Page MenuHomePhabricator

WebPageTest and WebPageReplay data unreachable in Grafana
Closed, ResolvedPublic

Description

Accessing https://grafana.wikimedia.org/d/000000210/webpagetest?orgId=1 all graphs gets a 503. All graphs form our proxied Graphite instance gets a 503.

Screen Shot 2020-03-13 at 8.21.46 AM.png (894×1 px, 137 KB)

The console gives me:

Screen Shot 2020-03-13 at 8.21.29 AM.png (362×2 px, 125 KB)

I logged into the Graphite instance and everything looks ok in the log. By ok I mean I could see that metrics is coming in from our instances and I couldn't see any errors in the logs.

My guess is that something has happened with how we proxy the instance, @CDanis do you know if something changed that last day with that?

Event Timeline

Peter added a subscriber: dpifke.

Also including @dpifke : I think I've missed talking about our own Graphite instance and how its setup?

Mentioned in SAL (#wikimedia-operations) [2020-03-13T14:57:24Z] <cdanis> T247586 ✔️ cdanis@grafana1002.eqiad.wmnet ~ 🕥☕ sudo systemctl restart apache2.service

A guess for what changed: the webproxy servers in eqiad and codfw were recently replaced with new servers, in eqiad's case install1003.wikimedia.org.

I don't think Apache knows to re-resolve a CNAME like webproxy.eqiad.wmnet-- docs for mod_proxy seem to indicate name resolution happens once per worker process -- so I did a restart, but that still wasn't sufficient to get it to work.

Now it looks like that the AWS host is only accepting connections from install1002, and not from install1003.

It might make sense to white-list our entire IP space (or all of eqiad and codfw?) for future-proofing.

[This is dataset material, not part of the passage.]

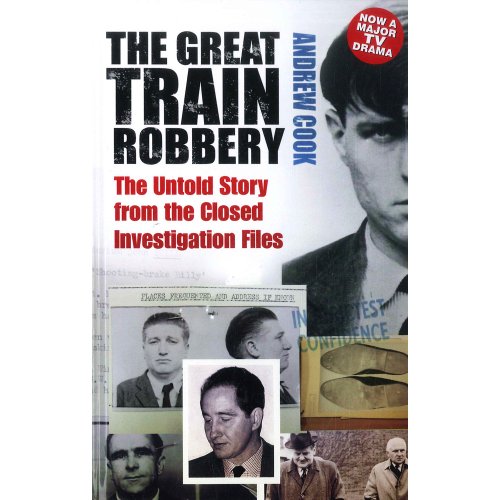 The Great Train Robbery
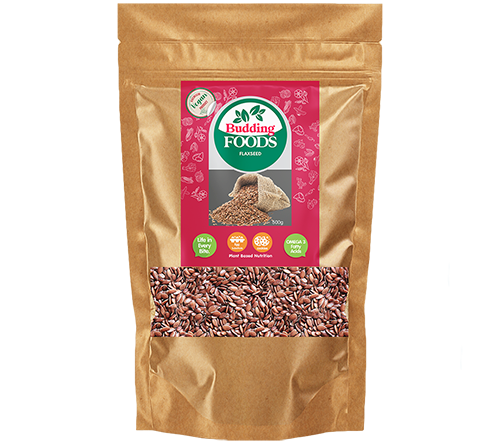 Flax Seed 500g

Thank you @CDanis , I have open up for install03 for now and then I can open up for our IP space next week (what is the correct IPs?).

Thank you @CDanis !

After I changed the blocking our alerts started to fire for timing out:

Screen Shot 2020-03-15 at 3.04.53 PM.png (320×606 px, 69 KB)

Also using Grafana against that Graphite instance, the graphs takes longer time to load (at least that is my feeling). Was there another change? I'm pretty sure that started to happened the same time as the change to install003.

Ah forget that. When I open up for our range it started to work as before :)

Re-opening, alerts are still timing out as they didn't do before. Also can see that the graphs loads slower than before.

I temporarily opened up to make sure nothing was wrong on the AWS side but still get those timeouts. I can see that some data comes through but not everything, every time. @CDanis can you see something on the proxy side?

Seems like there are some as-yet undiagnosed issues with the squid proxy in eqiad.

For now since it isn't much traffic I think I'm going to repoint grafana cross-cluster to the codfw proxy.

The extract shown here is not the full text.